Un mémo qui s’affranchit des genres éditoriaux. Tout d’abord, il y a cette forme innovante : un ouvrage de moins de cent pages, composé de courtes thèses numérotées de 1 à 76, avec une couv’ qui singe l’aspect d’une note de synthèse ou d’un rapport interne destiné aux lecteurs d’une organisation politique.
Signé Bruno Latour, philosophe et sociologue français de stature internationale en voie de gourouïsation, et Nikolaj Schultz, jeune sociologue danois qui écrit sur les classes géo-sociales, ce Mémo sur la nouvelle classe écologique a tout du petit livre (vert) bientôt culte. On l’imagine fort bien trôner sur les tables basses des membres de ladite classe écologique. L’essai veut être à la transition climatique ce que le Manifeste du parti communiste fut au capitalisme et à la question sociale. Il tente d’imposer un cadre politique nouveau pour l’ère post-croissance, celle de la préservation de l’habitabilité la planète et de la défense du vivant.

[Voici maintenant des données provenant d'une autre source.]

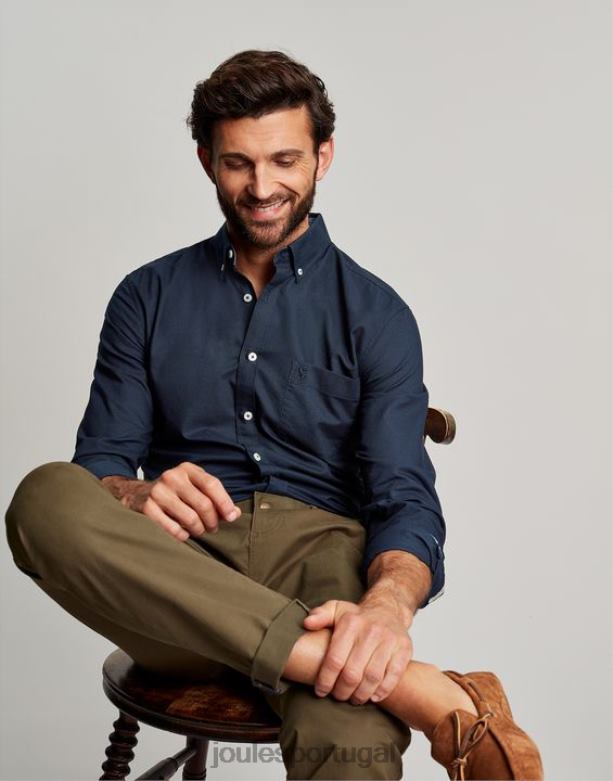 camisa oxford clássica homens marinha francesa Joules vestuário 2X26V164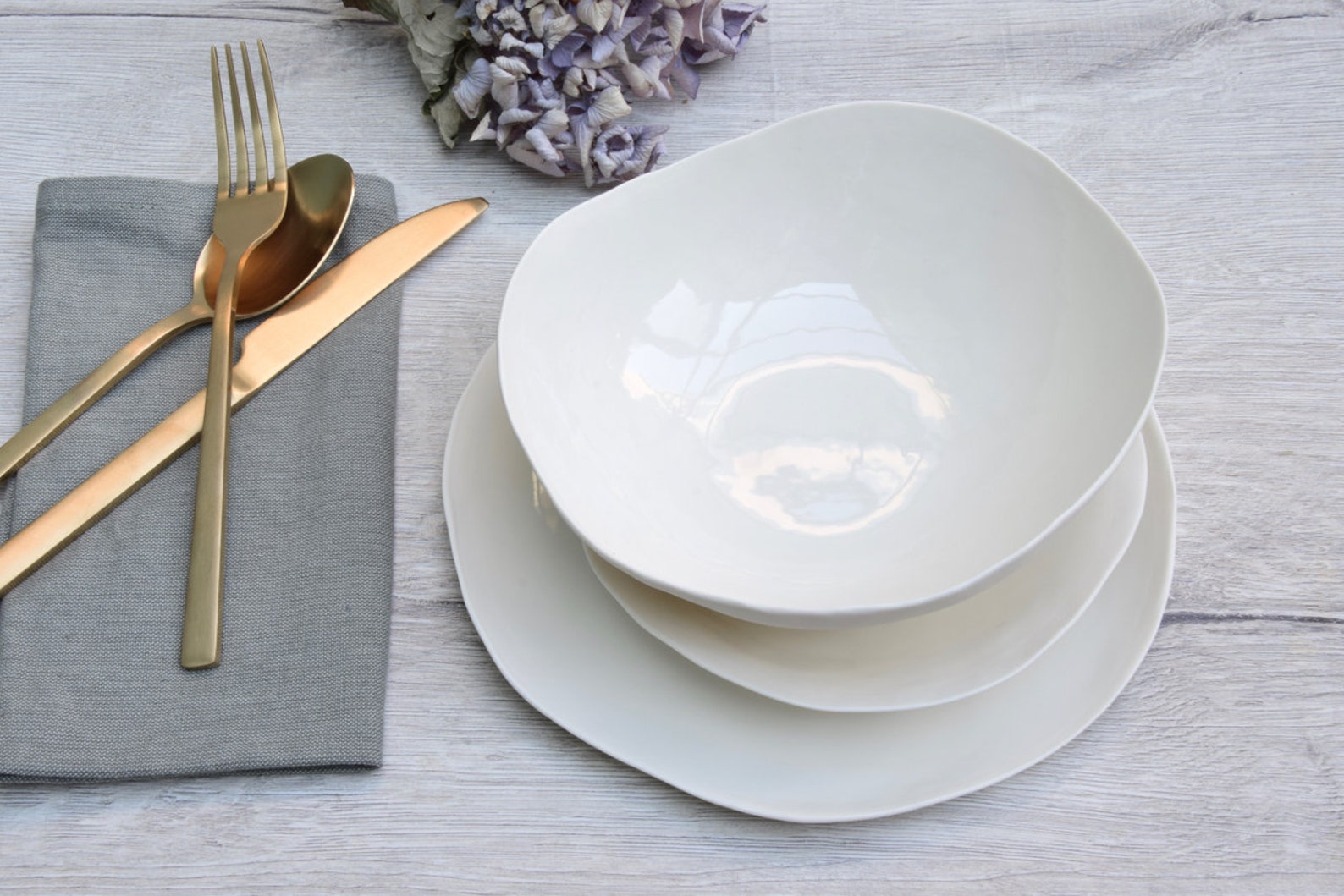 White Porcelain Plates and Bowls, 6 Pieces, 2 Sets of 3 Plates and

Faites-vous partie de la classe écologique ? De même que la bourgeoisie et le prolétariat s’étaient imposés comme catégories centrales de l’ère industrielle, les auteurs définissent les contours d’une nouvelle classe-pivot autour de laquelle la vie politique pourrait se réorganiser dans les années à venir. Pas plus que la révolution socialiste en son temps, la transition écologique ne sera un dîner de gala (au quinoa), préviennent les auteurs. « Loin d’unifier, la nature divise ». Il importe donc de tracer les lignes de front et de choisir son camp.
Feront partie de cette nouvelle classe dont il faut être les mouvements féministes et postcoloniaux, les peuples autochtones, les jeunes, une partie des scientifiques et des ingénieurs qui innovent en faveur de la transition, les métiers intellectuels mais aussi les religions, dans le sillage de la conversion écologiste du Pape François. Reste à définir qui s’opposera à cette classe écologique, et jouera en quelque sorte le mauvais rôle dans la nouvelle lutte des classes qu’annoncent les auteurs.
En complément du livre de Latour et Schultz. La classe écologique compte aussi des avant-gardes, tant souvent c’est dans les mouvements minoritaires (et parfois contestataires) que l’on lit le mieux les clivages de demain. Marc Lomazzi s’est donc employé à mettre sous éprouvette beaucoup des mouvements écologiques qui structurent aujourd’hui les « ultras verts », tendances et convictions plus ou moins iconoclastes, largement mis sur le devant de la scène par la campagne de Sandrine Rousseau lors de la primaire écologiste. Climato-activistes, zadistes, survivalistes, antitech, collapsologues…, quelle que soit l’opinion que l’on porte sur leurs approches (fond et forme), nul doute qu’ils nous parlent d’une société qui émerge, radicale, pétrie d’éco-anxiété et de plus en plus mobilisée autour du prisme écologique.
Bruno Latour et Nikolaj Schultz, Mémo sur la nouvelle classe écologique, La Découverte, janvier 2022.
Marc Lomazzi, Ultra Ecologicus, Les nouveaux croisés de l’écologie, Flammarion, janvier 2022.